Collection entries:
■ ■ ■ ■ ■ ■ ■

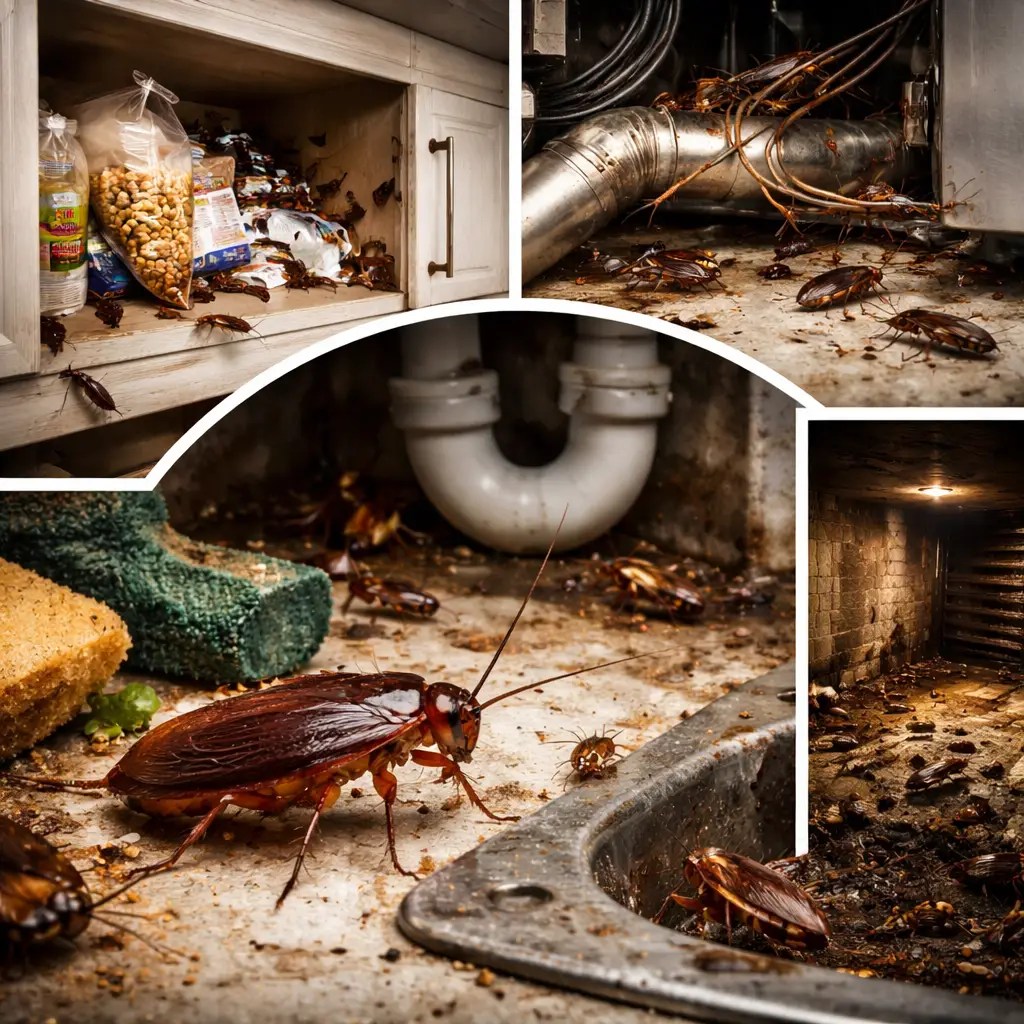 Infestation de blattes et cafards en habitation et restaurant à Clermont-Ferrand, présence sous électroménager et canalisations, traitement professionnel anti-cafards en Auvergne (63)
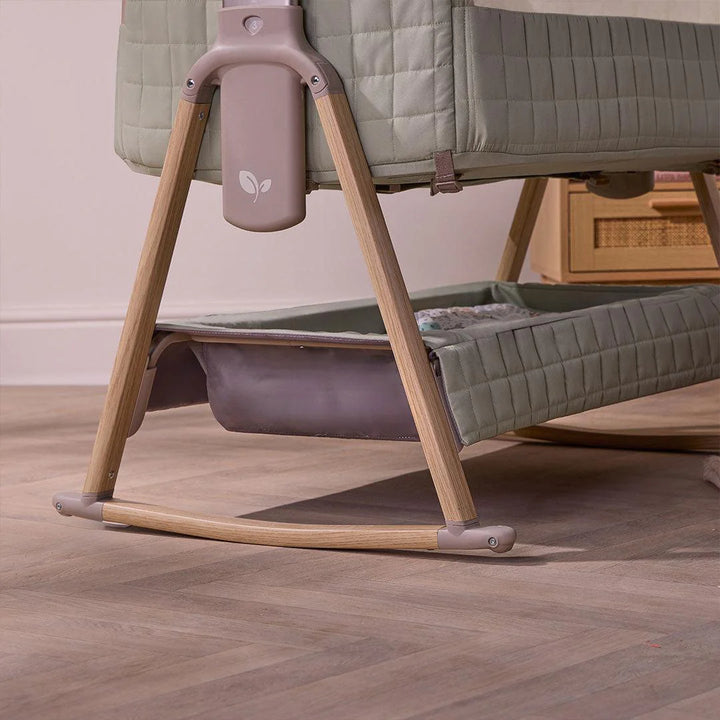 Tutti Bambini Cozee Sense Bedside Crib - Drifted Oak/Eucalyptus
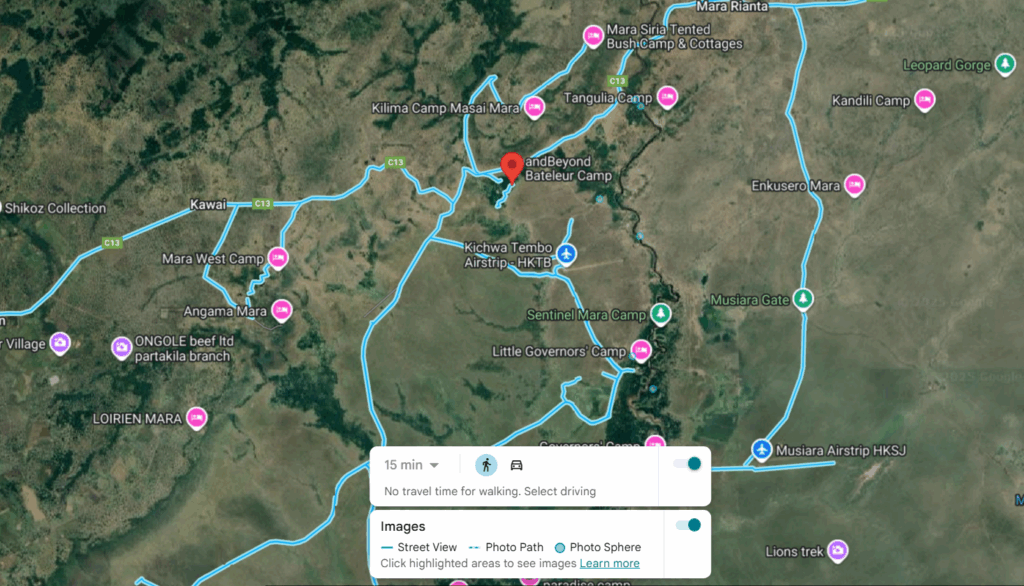location of AndBeyond Bateleur Camp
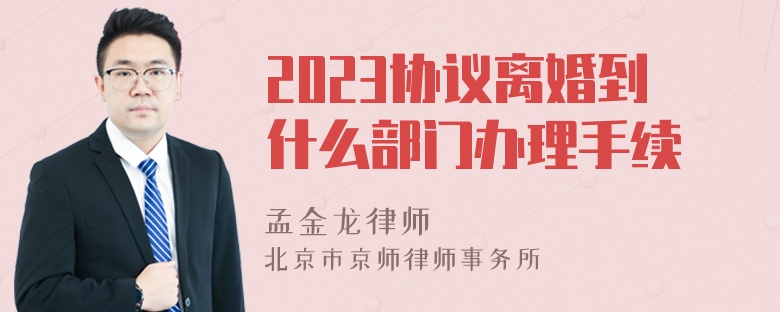 2023协议离婚到什么部门办理手续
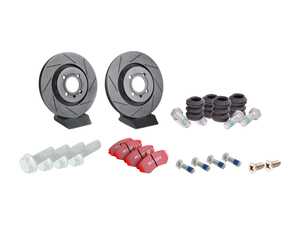 ES#3522022 - 535615301KT1 - Performance Front Brake Service Kit - Slotted - Featuring ECS V5 rotors and EBC Redstuff performance brake pads - Assembled By ECS - Volkswagen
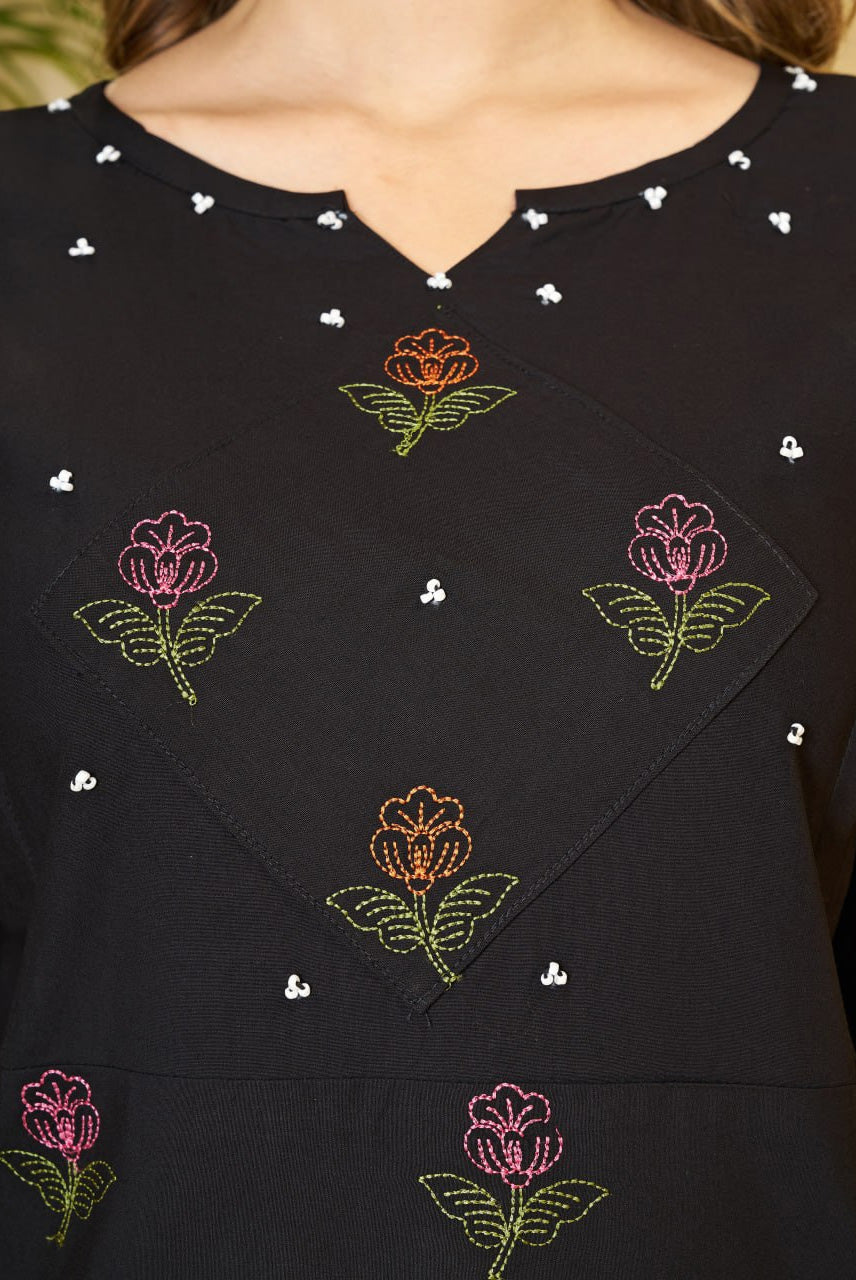 Black Embroidered Kurta & Palazzo Set – Classic Elegance Redefined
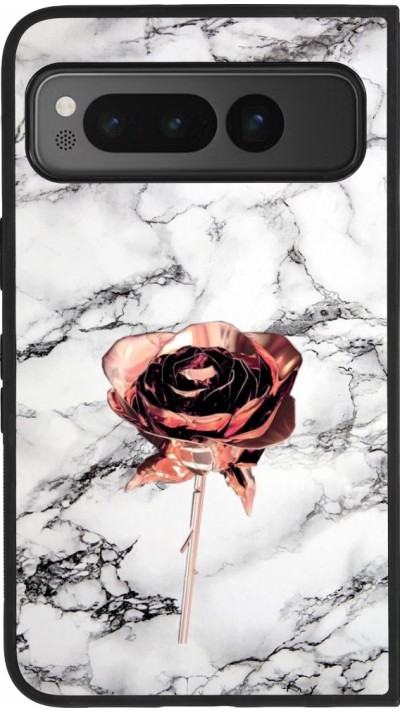 Coque Google Pixel Fold - Silicone rigide noir Marble Rose Gold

■ ■ ■ ■ ■ ■ ■

EXERCISE DESCRIPTION = Every line in the records is to be retyped exactly as it stands; the pictures stay out.

RESULT BELOW =
 Infestation de blattes et cafards en habitation et restaurant à Clermont-Ferrand, présence sous électroménager et canalisations, traitement professionnel anti-cafards en Auvergne (63)
 Tutti Bambini Cozee Sense Bedside Crib - Drifted Oak/Eucalyptus
location of AndBeyond Bateleur Camp
 2023协议离婚到什么部门办理手续
 ES#3522022 - 535615301KT1 - Performance Front Brake Service Kit - Slotted - Featuring ECS V5 rotors and EBC Redstuff performance brake pads - Assembled By ECS - Volkswagen
 Black Embroidered Kurta & Palazzo Set – Classic Elegance Redefined
 Coque Google Pixel Fold - Silicone rigide noir Marble Rose Gold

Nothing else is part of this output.